== Goal of the exercise ==
Please reproduce all entries word for word and omit their pictures.

== Input data ==
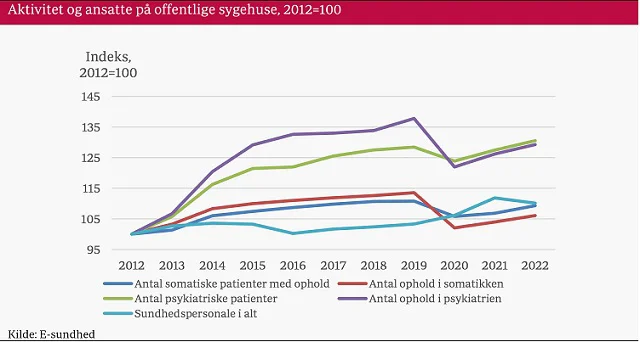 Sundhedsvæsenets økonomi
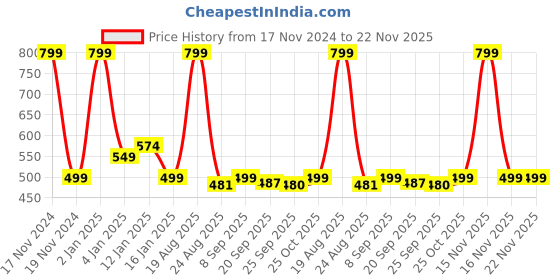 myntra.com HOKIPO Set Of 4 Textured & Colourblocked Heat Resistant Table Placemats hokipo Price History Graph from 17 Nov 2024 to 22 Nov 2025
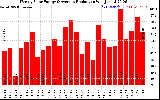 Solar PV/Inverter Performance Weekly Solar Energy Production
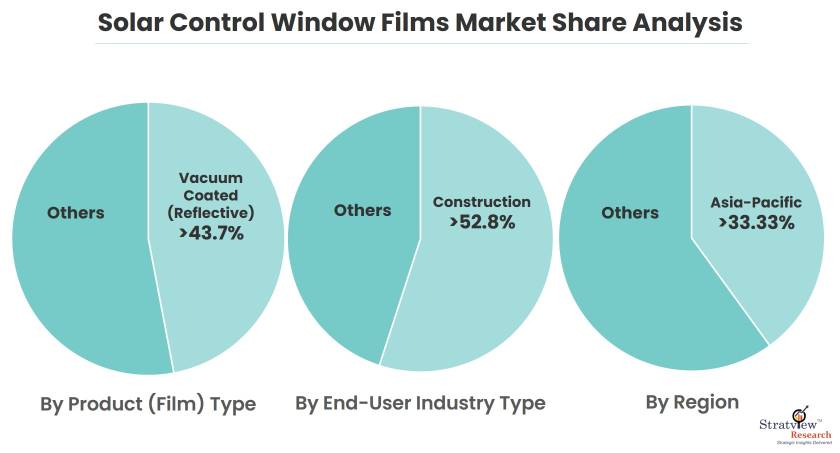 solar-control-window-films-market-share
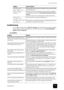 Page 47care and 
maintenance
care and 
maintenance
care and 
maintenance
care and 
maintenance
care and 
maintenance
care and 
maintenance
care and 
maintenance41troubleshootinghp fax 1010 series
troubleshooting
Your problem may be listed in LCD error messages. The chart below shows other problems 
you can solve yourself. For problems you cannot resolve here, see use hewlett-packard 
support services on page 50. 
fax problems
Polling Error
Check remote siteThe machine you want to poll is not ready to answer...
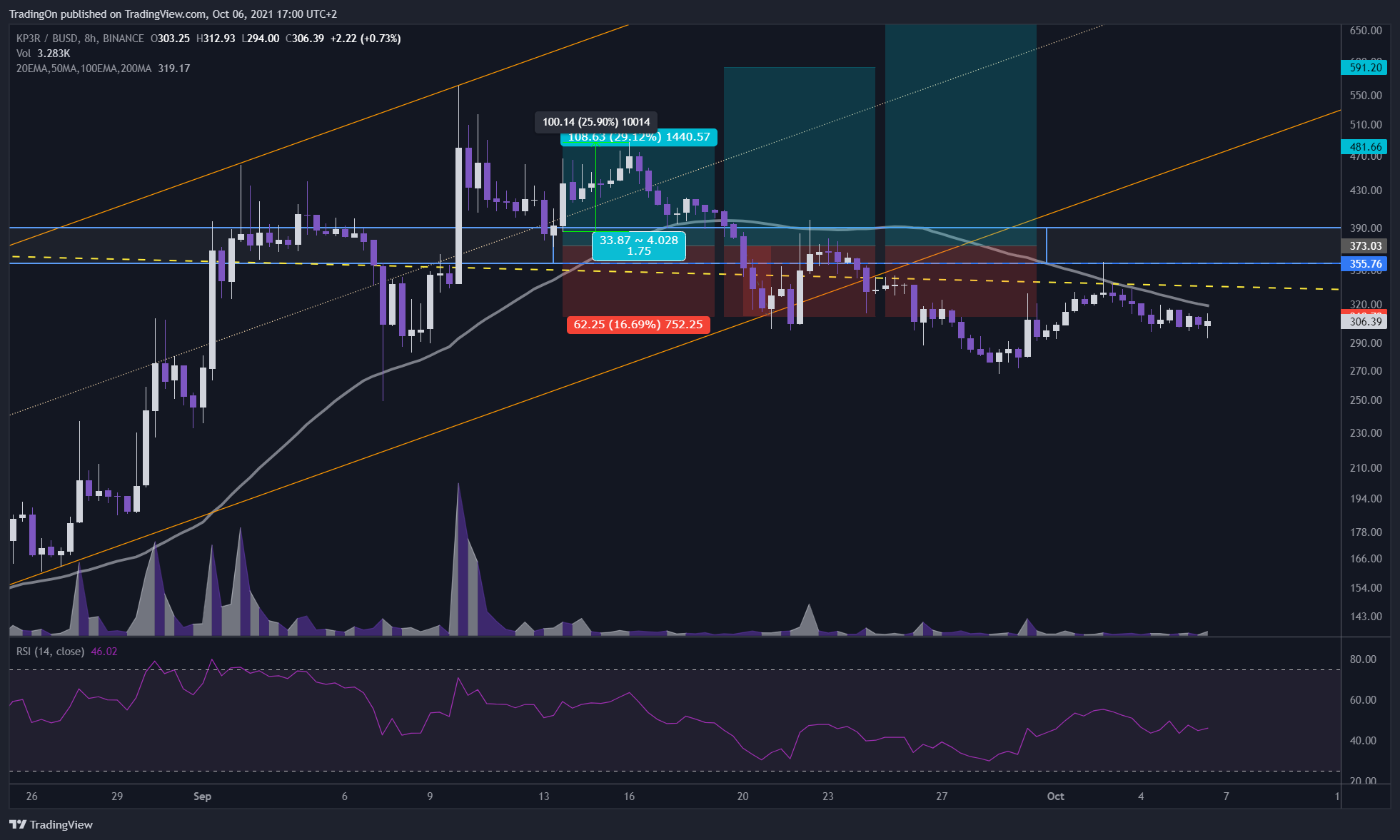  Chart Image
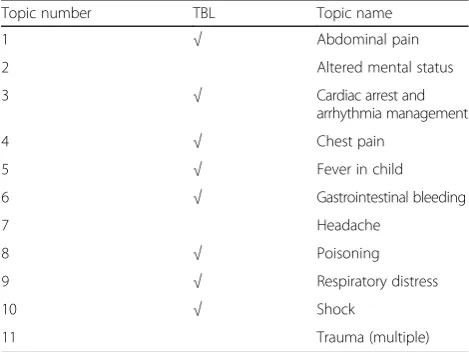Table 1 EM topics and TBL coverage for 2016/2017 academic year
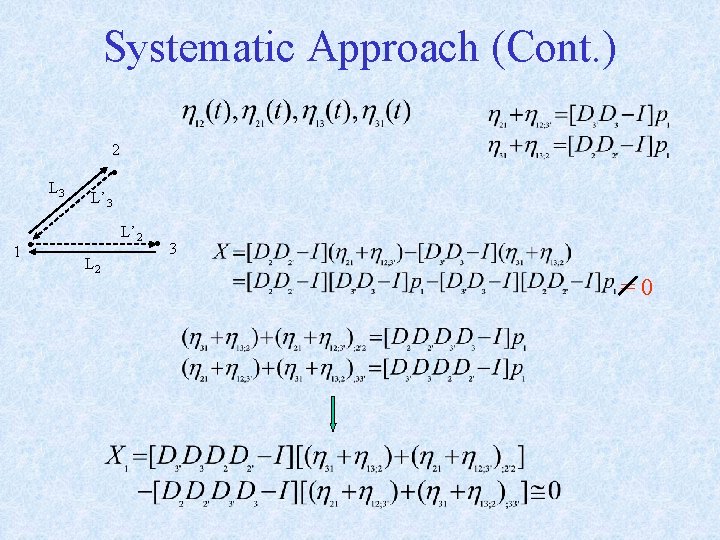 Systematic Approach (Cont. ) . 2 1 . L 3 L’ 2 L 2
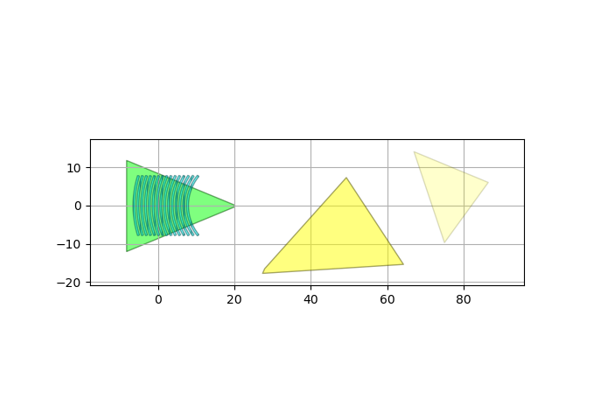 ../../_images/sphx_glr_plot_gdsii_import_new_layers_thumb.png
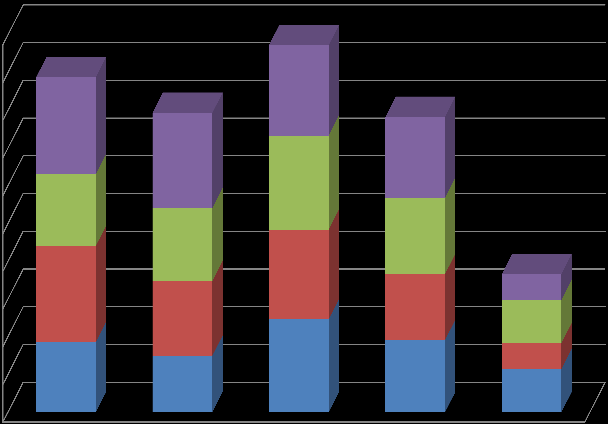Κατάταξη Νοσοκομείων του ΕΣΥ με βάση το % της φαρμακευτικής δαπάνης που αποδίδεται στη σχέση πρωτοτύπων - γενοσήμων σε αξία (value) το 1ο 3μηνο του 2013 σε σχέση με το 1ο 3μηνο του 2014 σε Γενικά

== Response to this exercise ==
 Sundhedsvæsenets økonomi
 myntra.com HOKIPO Set Of 4 Textured & Colourblocked Heat Resistant Table Placemats hokipo Price History Graph from 17 Nov 2024 to 22 Nov 2025
 Solar PV/Inverter Performance Weekly Solar Energy Production
 solar-control-window-films-market-share
 Page 47care and 
maintenance
care and 
maintenance
care and 
maintenance
care and 
maintenance
care and 
maintenance
care and 
maintenance
care and 
maintenance41troubleshootinghp fax 1010 series
troubleshooting
Your problem may be listed in LCD error messages. The chart below shows other problems 
you can solve yourself. For problems you cannot resolve here, see use hewlett-packard 
support services on page 50. 
fax problems
Polling Error
Check remote siteThe machine you want to poll is not ready to answer...
  Chart Image
Table 1 EM topics and TBL coverage for 2016/2017 academic year
 Systematic Approach (Cont. ) . 2 1 . L 3 L’ 2 L 2
 ../../_images/sphx_glr_plot_gdsii_import_new_layers_thumb.png
Κατάταξη Νοσοκομείων του ΕΣΥ με βάση το % της φαρμακευτικής δαπάνης που αποδίδεται στη σχέση πρωτοτύπων - γενοσήμων σε αξία (value) το 1ο 3μηνο του 2013 σε σχέση με το 1ο 3μηνο του 2014 σε Γενικά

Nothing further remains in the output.